# TASK STATEMENT:
The task requires repeating, word for word, the lines from the one with "585 Gold Damen" through the end of the material, leaving out all pictures.

Start of MATERIALS PROVIDED

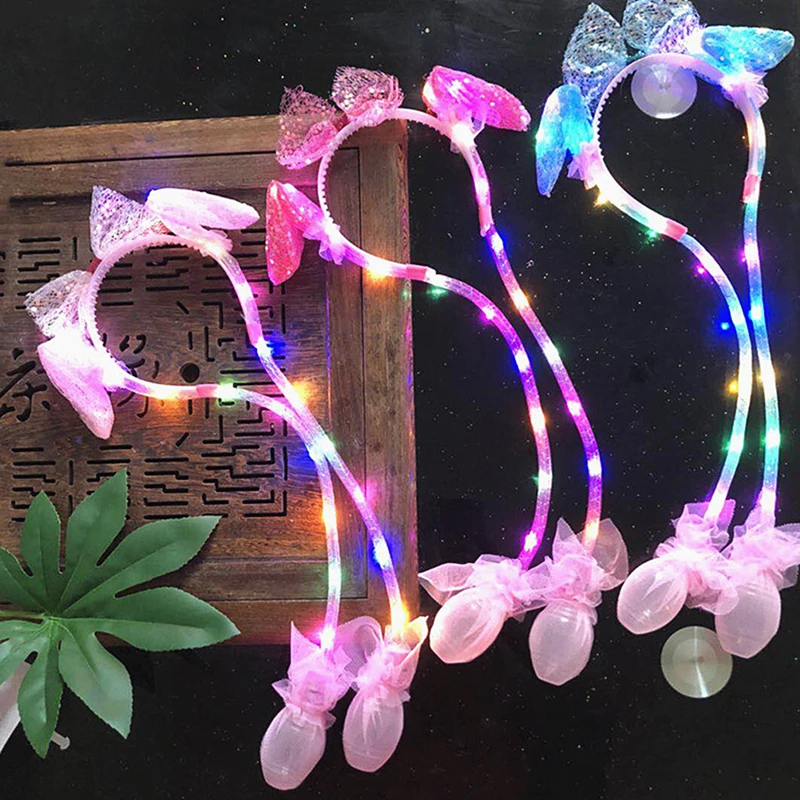 Cute LED Glowing Ear Hat Sequin Lace Headband Air Bag Can Moving Rabbit Ears Toy Hair Hoop Party Photo Props Sweet Headwear Gift
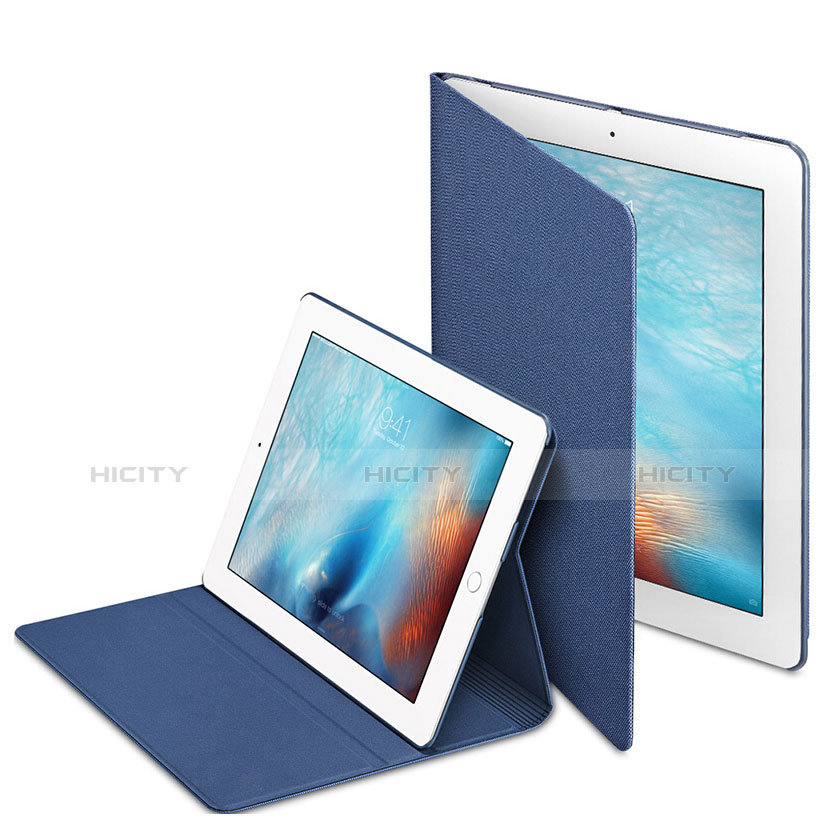 Schutzhülle Stand Tasche Leder L02 für Apple iPad 2 Blau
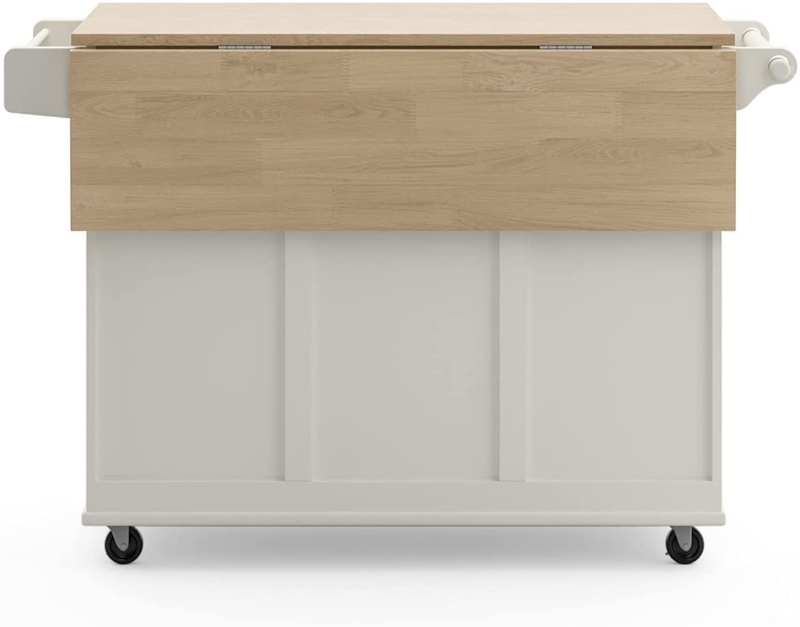 Homestyles Dolly Madison Kitchen Cart with Wood Top and Drop Leaf Breakfast Bar, Rolling Mobile Kitchen Island with Storage and Towel Rack, 54 Inch Width, Off-White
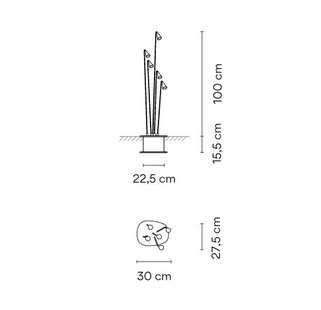 Vibia Brisa Outdoor Vloerlamp - bruin - vijfvlammig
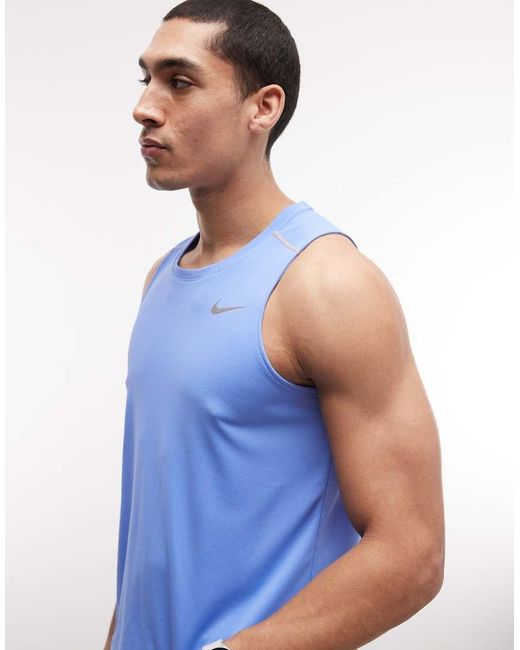 Nike Blue Miler Dri-fit Vest for men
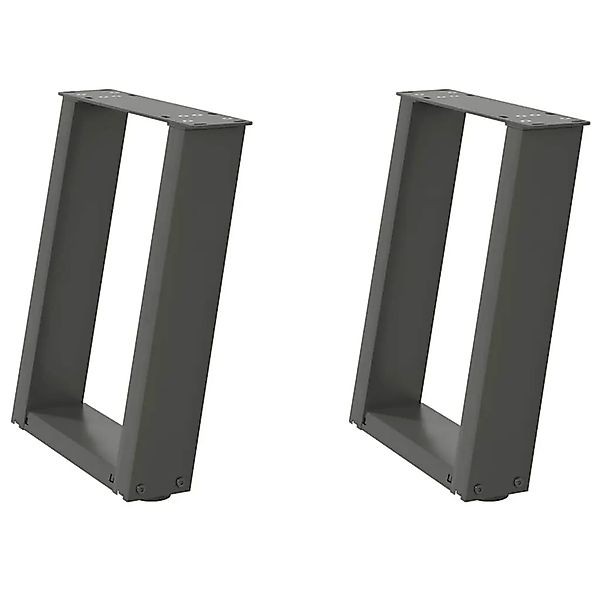 vidaXL Couchtischbeine U-Form 2 Stk Anthrazit 28x42-43 cm Stahl 4012758 günstig online kaufen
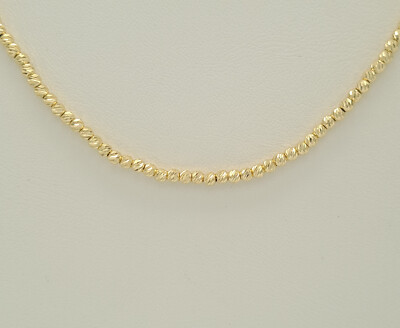 585 Gold Damen Kette 50cm 52cm Kugel diamantiert 14 Karat Gelbgold Collier 8,80g
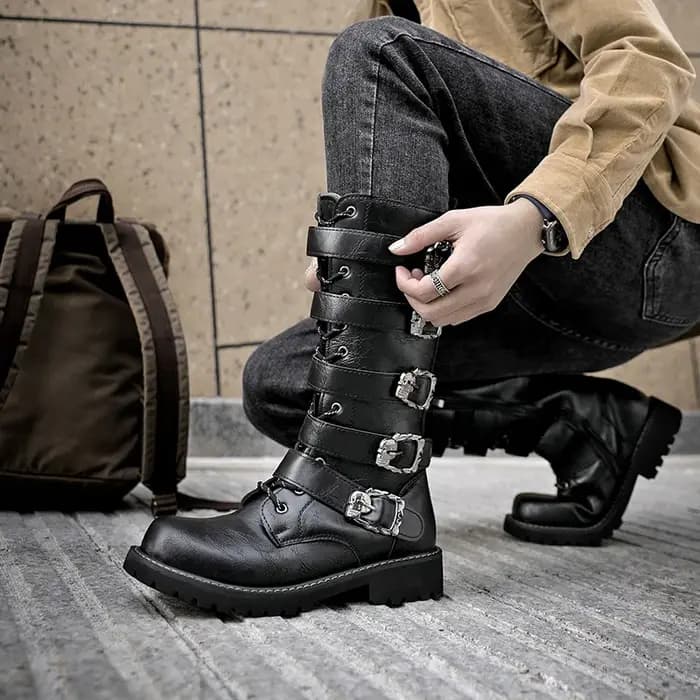 Bottes de motard gothiques Punk pour hommes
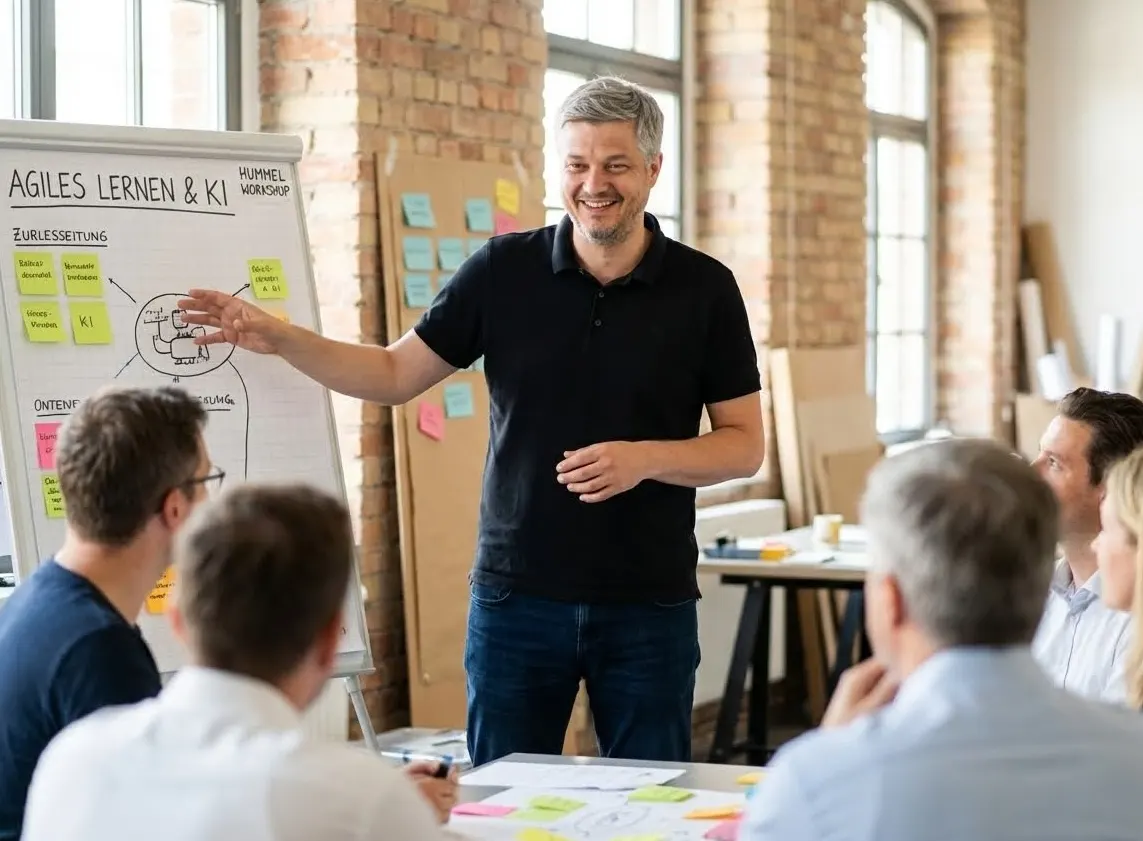 Ein lächelnder Mann erklärt in einem hellen Bürostehenden vor einem Whiteboard mit Notizen und Post-its das agile Lernen und KI einer Gruppe von fünf Personen.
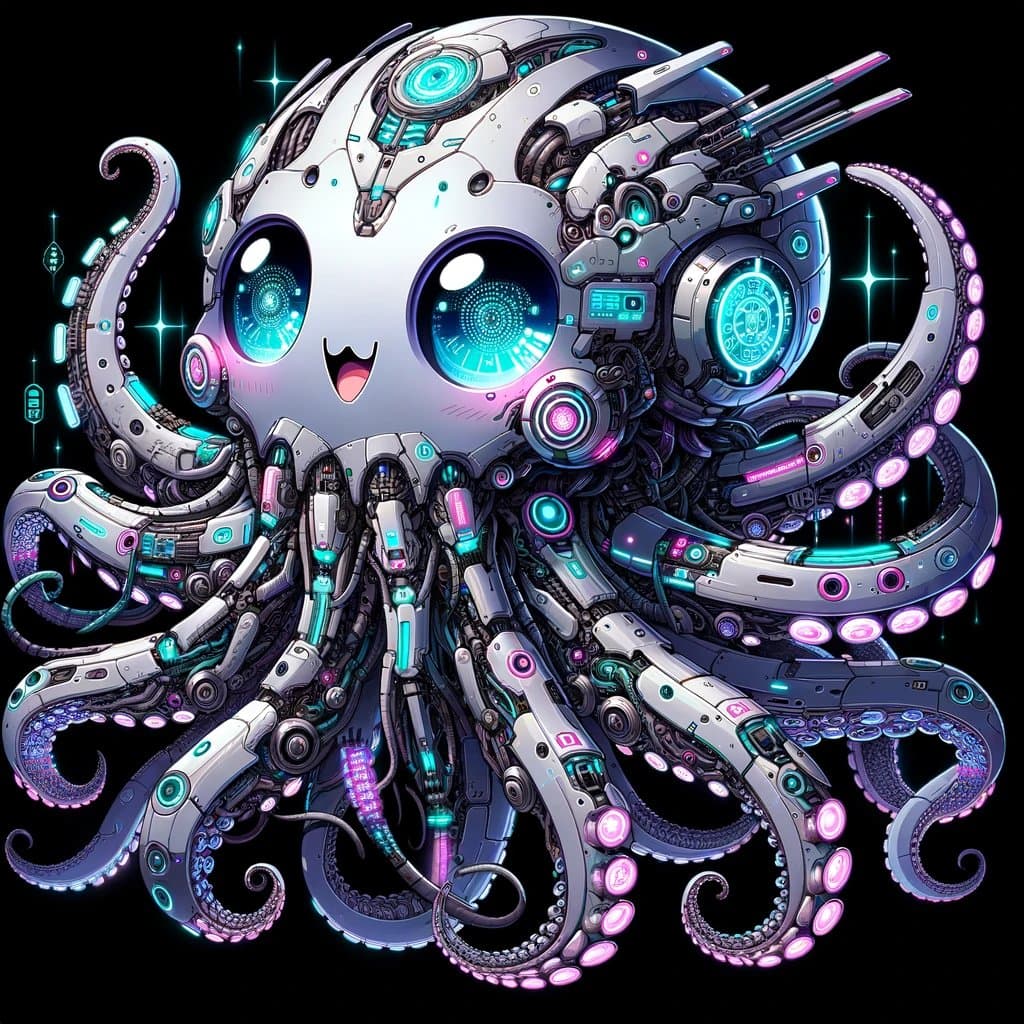 A digital illustration of a cute, spherical robot with large, glowing blue eyes and a smiling mouth, featuring multiple mechanical tentacles with neon pink and cyan lights against a black background. The image is a piece of digital art rather than a text-bearing document.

End of MATERIALS PROVIDED

# RESULT FOR THIS TASK:
 585 Gold Damen Kette 50cm 52cm Kugel diamantiert 14 Karat Gelbgold Collier 8,80g
 Bottes de motard gothiques Punk pour hommes
 Ein lächelnder Mann erklärt in einem hellen Bürostehenden vor einem Whiteboard mit Notizen und Post-its das agile Lernen und KI einer Gruppe von fünf Personen.
 A digital illustration of a cute, spherical robot with large, glowing blue eyes and a smiling mouth, featuring multiple mechanical tentacles with neon pink and cyan lights against a black background. The image is a piece of digital art rather than a text-bearing document.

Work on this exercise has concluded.